> Records for the task:
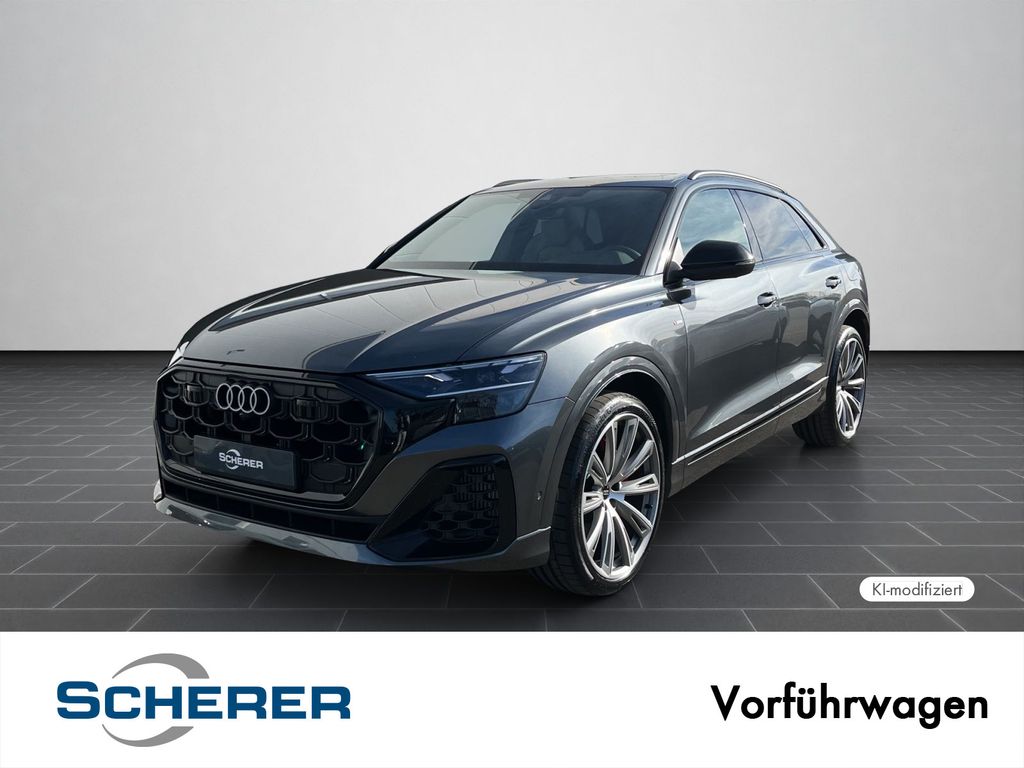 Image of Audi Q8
...
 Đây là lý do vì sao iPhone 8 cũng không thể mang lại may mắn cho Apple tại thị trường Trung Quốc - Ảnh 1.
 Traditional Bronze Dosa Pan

> Exercise:
Copy verbatim, from the listing above, each line from the one containing "Đây là lý do" down to the one containing "Traditional Bronze Dosa Pan", inclusive.

> Written answer:
 Đây là lý do vì sao iPhone 8 cũng không thể mang lại may mắn cho Apple tại thị trường Trung Quốc - Ảnh 1.
 Traditional Bronze Dosa Pan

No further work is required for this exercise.